Emily chased after him into the hallway. She grabbed his arm and tried to pull him back. “Sean, no! We have to leave! It’s the only way!”

“Emily, stop!”

“We can’t let them take us!” she shrieked, tugging at him, desperate to pull him back.

“Get off of me!”

He pushed her angrily, hard enough to make her let go of his arm, hard enough to make her fall. She stared up at him from the floor, tears streaming down her face. Up and down the hallway, students came out of their rooms to see what was happening.

“I don’t know what’s gotten into you, but you’re acting crazy!” Sean noticed the other students watching and put up his hands. “You know what? I just can’t deal with this right now.” He walked away.

“Sean!” she screamed after him. “Sean, promise me you won’t go to Professor Vaughan’s office tomorrow! Promise me!”

He didn’t turn around. She collapsed against the wall, sobbing. She could feel the other students staring, but she didn’t care. She’d failed again. Sean would still report to Vaughan’s office in the morning. He would still wind up on that surgical table.

She couldn’t save him, but maybe she could still save herself. She grabbed her car keys and ran to the student parking lot. Half the lamps were out, leaving wide, dark pools of shadow across the lot. She glanced nervously at Professor Vaughan’s stone cottage, but no lights came through the windows. He wasn’t there. She hit the unlock button on the key fob, and her car gave a comforting chirp. Just as she reached for the driver’s side door, someone grabbed her from behind, putting a hand over her mouth to stifle her scream, and pushed her against the car so she couldn’t turn around.

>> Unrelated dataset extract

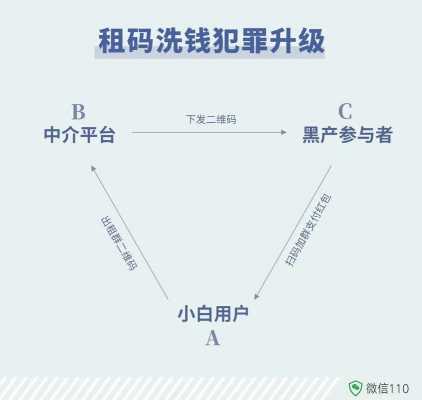 微信洗钱流程（微信洗钱流程视频）-第1张图片-祥安律法网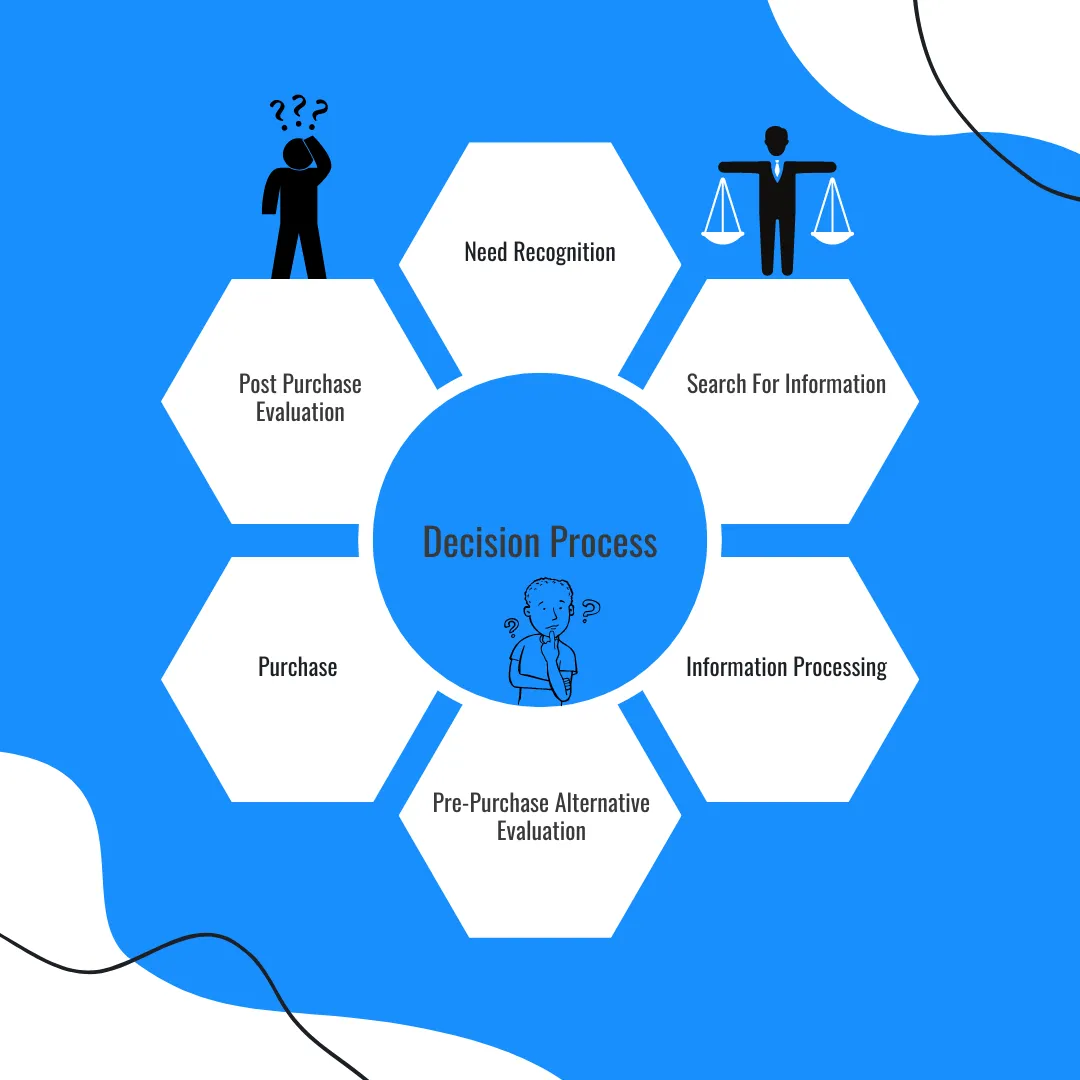 Customer decision process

Professor Vaughan’s voice hissed in her ear, “That was some stunt you pulled in class today, Miss Bannerman. But I promise you, whatever you think you know, the truth is far more extraordinary than you can imagine.” She struggled as she felt a hypodermic needle pierce her neck. “Stop fighting, I’m doing you a favor. You have no idea what a unique opportunity I’m giving you. To see an alien world. Experience an alien culture. You should be thanking me.”

It’s bad enough I’m a victim of Professor Vaughan’s obsession and an unwilling subject of the Mi-Go’s studies, but to be given the power to change the past and still not save myself from this fate is maddening. It’s as though every choice I make brings me to the same end. Every path leads to the Mi-Go. What’s the point of being given a second chance if nothing changes?

I miss Sean, whose cylinder is being kept somewhere else. Occasionally, I hear the mechanical voices of other brains speaking in other rooms and wonder if one of them is him. I haven’t spoken to him or heard his voice — his real voice — since we were last together at Middlewood.

I wish I’d never gone through that damn anomaly. I wish I’d never been tormented with this useless ability to reshape the past.

Maybe that, at least, is something I can change for the better. One last time, I reach through the white.

She didn’t have a plan. She couldn’t stop the Mi-Go who carried her brain cylinder from flying through the anomaly. But if she tried hard enough, could she reject the splintering of her mind? If she were prepared for it, could she force her consciousness not to scatter back through her timeline?